September 22, 2010 by Jeff Hurt
Image by theloushe
Traditional marketing broadcasts messages to the masses via print, radio and TV.
Broadcast marketing is also considered interruption marketing. Commercials interrupt TV or radio shows. Ads interrupt articles. Spam interrupts our daily work flow. Online popup ads interrupt or web experience.
Marketers count the number of impressions (interruptions?) that people see or hear and identify reach and effectiveness. The goal is to repeat the message enough times so that the audience will remember it and act on it.
Typically, the same principle is applied to conference and event marketing. A major message is broadcast and distributed to past and potential attendees in emails, newsletter and magazines. Social networks are seen as additional channels to post the primary conference message.
But does that work? Is that really using WOM (Word Of Mouth) and social networking in the best way possible?
Forrester’s Q4 2009 research found that consumers create 256 billion impressions within social networks by talking with one another about products and services each year. Customers create 1.64 billion posts in blogs, discussion forums and online review and rating sites. Those posts create at least another 250 billion impressions per year.
That’s more than half a trillion impressions created by consumers in the U.S. alone. An average of eight impressions every day for every person online.
By comparison, Nielsen Online research shows that advertisers delivered 1.974 trillion online ad impressions during the same time as the Forrester survey.
People receive about one-fourth as many impressions from each other as they do from online advertisers.
So which impressions do you think most people paid attention to? Does your conference or event marketing strategy reflect the reach of WOM? Is your event marketing strategy working for or against you when it comes to empowering your customers?
Most conference and event marketers understand concepts like reach, positioning and key performance indicators. So why don’t more conference marketers understand WOM concepts and strategies?
Unfortunately, most event marketers do not have a strategy for word of mouth. Nor do they have the vocabulary or experience with it. Monitoring and measuring WOM are foreign concepts.
Marketers work with masses, not individuals. That’s the customer service department’s job. Marketers need to begin to address individuals and see their marketing as part of the customer service opportunity.
Advertising and marketing is created for a large audience, at the head of the long tail. Reaching smaller niche groups as part of the long-tail is overlooked.
Event marketers must begin to think about individuals as potential sources of marketing influence. Your past and potential conference attendees are a marketing channel.
In his book Groundswell, Josh Bernoff called this concept, “Energizing Your Customers.” It’s a new way to think about marketing, service and your conference attendees.
Forcing traditional marketing strategies through your social channels will not work. Conference marketing must begin to identify the connectors and mavens, as Malcolm Gladwell calls them, which will help you spread WOM.

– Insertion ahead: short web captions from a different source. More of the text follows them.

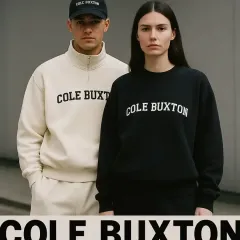 ColeBuxton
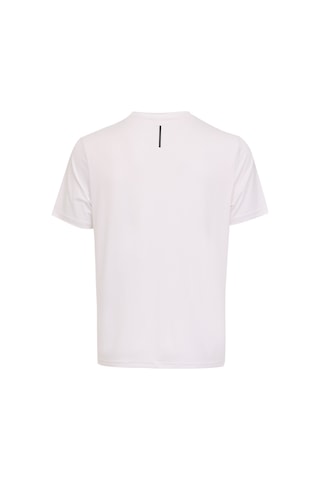 Reebok Dune Tee Beyaz Erkek Kısa Kol T-shirt Beyaz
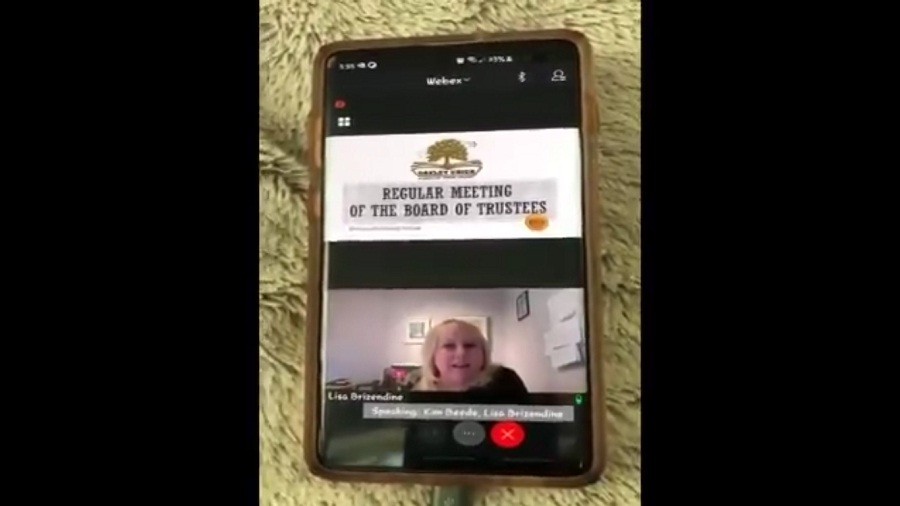 Video Gosip tentang Orang Tua Murid Tersebar, Dewan Sekolah Kompak Mundur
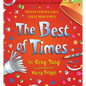 The Best of Times: Math Strategies That Multiply - Hardcover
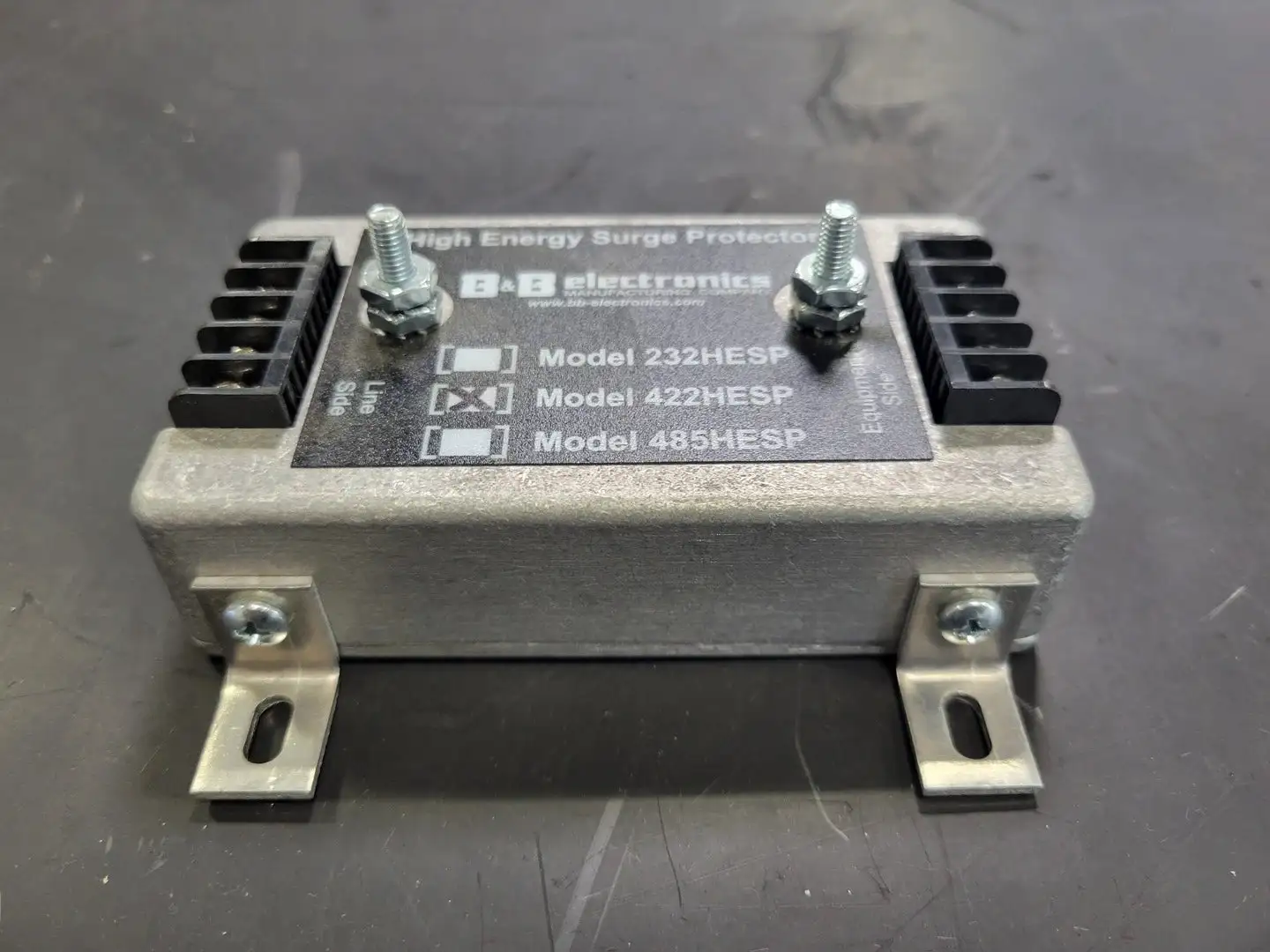 USED B&B ELECTRONICS 422HESP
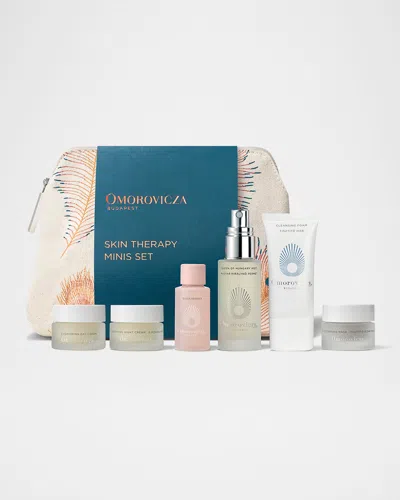 Omorovicza Limited Edition Skin Therapy Universal Edit In Multi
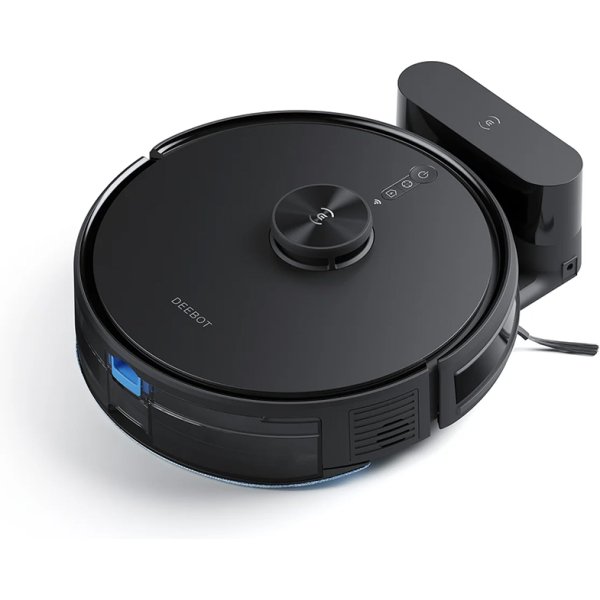 Ecovacs DLX34 Deebot Y1 Pro Robotic Vacuum Cleaner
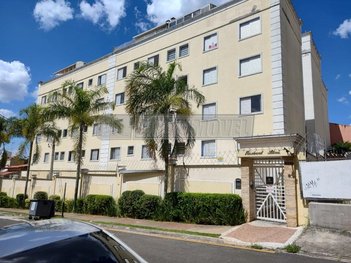 apartment em Rua Ana Augusto, Vila Augusta - Sorocaba - SP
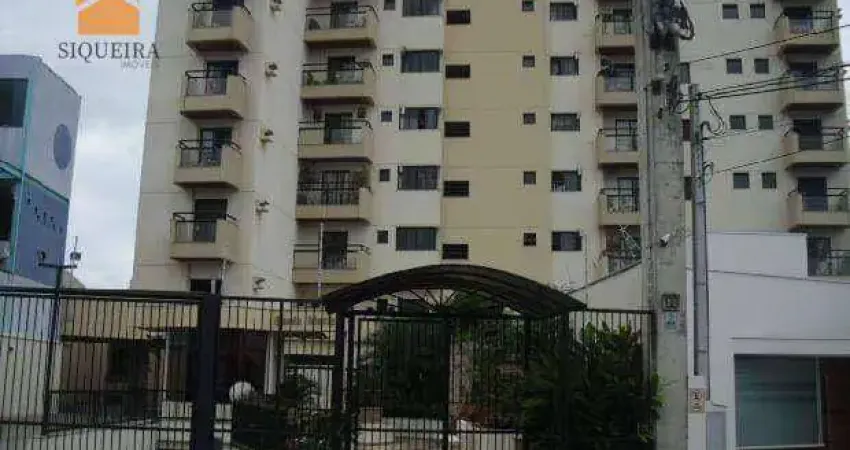 Edifício Santa Maria - Apartamento com 3 dormitórios à venda, 112 m² por R$ 700.000 - Centro - Sorocaba/SP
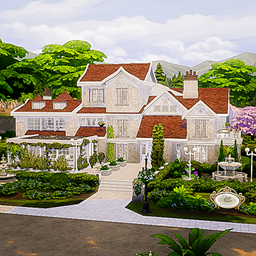 Magnolia-Summer Palace project image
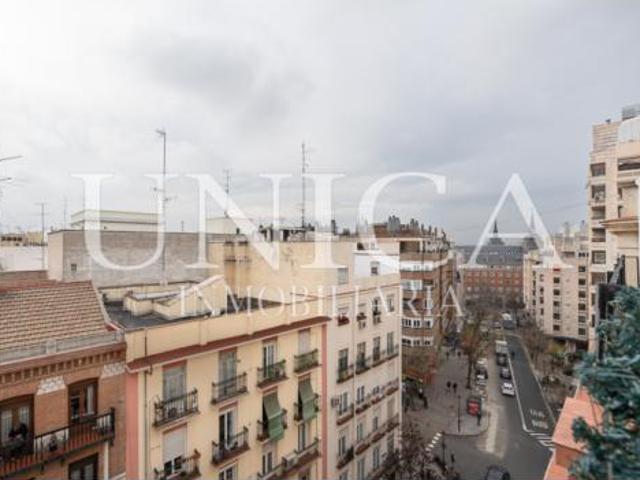 Piso en venta en Chamberí, Madrid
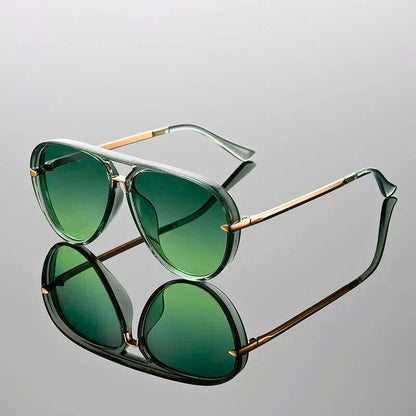 Gafas de Sol Aviador Viola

What specific WOM of strategies have been successful for your conferences and events? What have you seen that worked?
Filed Under: Attendance Marketing
Hi Jeff,
WOM requires a different mentality and approach. It is much easier to send out an e-blast to 85,000 people that has a good headline and a great call to action.
We relied heavily on WOM with Event Camp Twin Cities. Our event was a continuation of the first Event Camp NYC (which VelvetChainsaw Consulting sponsored). We immediately received digital WOM support from people that participated face-to-face or virtually in that NYC event.
We created content driven blog posts (not advertisements) on our website that were easily sharable on social media. Think about it as a digital WOM. Then, we dropped those content posts into Linkedin and other online groups where our target market “hung out” online. These new readers read, commented and then shared that content with others.
Then, we crafted a short story of our vision for the event, what we were trying to achieve and why it was important. We went out and told anyone that would listen. Some people thought we were crazy. Others told their colleagues who signed up.
While I outline this process, I can tell you that it wasn’t easy. It was time consuming and a real pain to execute. Also, it is hard to measure and would be hard to measure and assess for large events. For example, we received much more website traffic from traditional marketing means: e-blasts and press releases. BUT – since our event was small, I can tell you that digital WOM and real life WOM was the single biggest driver of face-to-face registrants to our event.
Now that we had a successful event, our Post-Event WOM is working for us on Blogs, in the industry trade press, and in hallways of local organizations (companies and networking groups).
Yesterday, we launched a two month post event multi-media content sharing strategy. Each week, we will be sharing content from the event (video, articles and slides) through various social media distribution channels. The idea is to (A) make sure that the thought leadership from our event keeps being shared and discussed (our mission is to get people to find one idea and go try it) and (B) to experiment and see if staging and sharing this content is REALLY WORTH THE EFFORT.
I am not sure what will happen with the Post Event stuff – but we will be sure to share the details – one way or another.
Hey Jeff,
I’m really encouraged to see this post as I’m talking about Social Influence Marketing at The Special Event Show 2011 🙂
You’ve done a great recap on the topic.
I would add that a major reason why many marketers have not shifted to WOM / Individual Marketing is that organization are not set up to nurture one-on-one marketing. Using mass advertising to speak to customers requires significantly less time & resources (and works well for outsourcing) as compared to the model we are referring to.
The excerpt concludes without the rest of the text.